İmmün trombositopenik purpuralı çocukların %80'inden fazlası 9-12 ay içinde iyileştiği ve daha sonra tekrarlama yaşamadığı için, trombosit sayısının stabil normale dönmesinden sonra inaktif aşılarla (ADS, ADS-M, VHBV) aşılanabilirler (aşılamadan önce analiz tekrarlanmalıdır). İmmün trombositopenik purpura genellikle canlı aşılar için bir kontrendikasyon olarak listelenmese de, bunların uygulanmasından sonra trombositopeni geliştirme olasılığı göz önüne alındığında (antiplatelet otoantikorlarının ortaya çıkması dahil), bunlarla aşılama, inaktif aşılara göre daha dikkatli (daha uzun bir süre sonra) yapılmalıdır. Bu gibi durumlarda, aşılamadan önce ve sonra anti-inflamatuar ve membran stabilize edici ajanların reçete edilmesi önerilir. Kızamık monovalent aşısının uygulanmasından sonra (MMC'den sonra) tekrarlayan trombositopeni olasılığı, bu tür bireylerde canlı aşılarla tekrarlanan aşılamalar konusunda dikkatli olmayı gerekli kılar.
Kronik immün trombositopenik purpuralı çocukların aşılanması konusu bireysel olarak kararlaştırılır.
Antikoagülan tedavi, özellikle aşıların intramusküler uygulanmasıyla kanama riski taşır, bu nedenle hemofili hastalarına verilen öneriler bu hastalar için de geçerlidir. Kolera ve sarı humma aşıları kan pıhtılaşmasında azalma ile ilişkili olabilir, bu nedenle bu hasta kategorisinde dikkatli uygulanmalıdır.
Aşılama ve tüberküloz
Tüberküloz kontrendikasyon olarak listelenmemiştir. Bazı yerli yazarlar anormal tüberkülin testleri olan ve kemoprofilaksi kürünü tamamladıktan sonra enfekte olan çocukların ve hastalığın diğer formlarına sahip olanların - anti-nüks tedavisinin arka planında sanatoryum tedavisi aşamasında - aşılanmasını önermektedir. Tüberküloza yakalanan çocuklar tüm takvim ve pnömokok aşılarını iyi tolere eder, bu nedenle aşılamada gecikme yalnızca hastalığın akut (başlangıç) dönemi için haklıdır. Aşağıdaki öneriler onaylandı:
- Hepatit B aşıları ve toksoidleri tüberkülozlu çocuklarda düşük reaktif olup sağlık sorunları durumunda bile kullanılabilir.

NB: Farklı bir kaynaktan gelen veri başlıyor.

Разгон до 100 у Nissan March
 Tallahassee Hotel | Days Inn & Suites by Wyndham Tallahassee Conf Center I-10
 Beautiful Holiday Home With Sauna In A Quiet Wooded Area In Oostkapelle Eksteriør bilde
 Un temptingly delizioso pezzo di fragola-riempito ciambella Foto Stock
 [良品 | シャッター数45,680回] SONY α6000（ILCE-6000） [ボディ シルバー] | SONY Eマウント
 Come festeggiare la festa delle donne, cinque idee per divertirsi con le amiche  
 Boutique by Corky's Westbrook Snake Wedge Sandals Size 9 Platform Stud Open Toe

- Tüberkülozlu bireylerde kemoterapi tamamlandıktan sonra kızamık, kabakulak ve kızamıkçığa karşı yeniden aşılama güvenli ve etkilidir.
- Tüberküloz sanatoryumunda tedavi gören çocuklara ADS-M toksoidinin rapel dozunun uygulanması yan etkiye neden olmaz ve yüksek titrelerde antikor sentezine yol açar.
- Tüberkülozlu çocuklarda inaktif aşılarla grip aşılaması güvenlidir ve tedavinin herhangi bir aşamasında yapılabilir; bunların Pnömo 23 aşısıyla birlikte uygulanması akut solunum yolu viral enfeksiyonlarının görülme sıklığını azaltır.
- Tüberküloz ilaçları kullanmak spesifik bağışıklık yanıtının gelişimini etkilemez ve aşılanmaya engel değildir.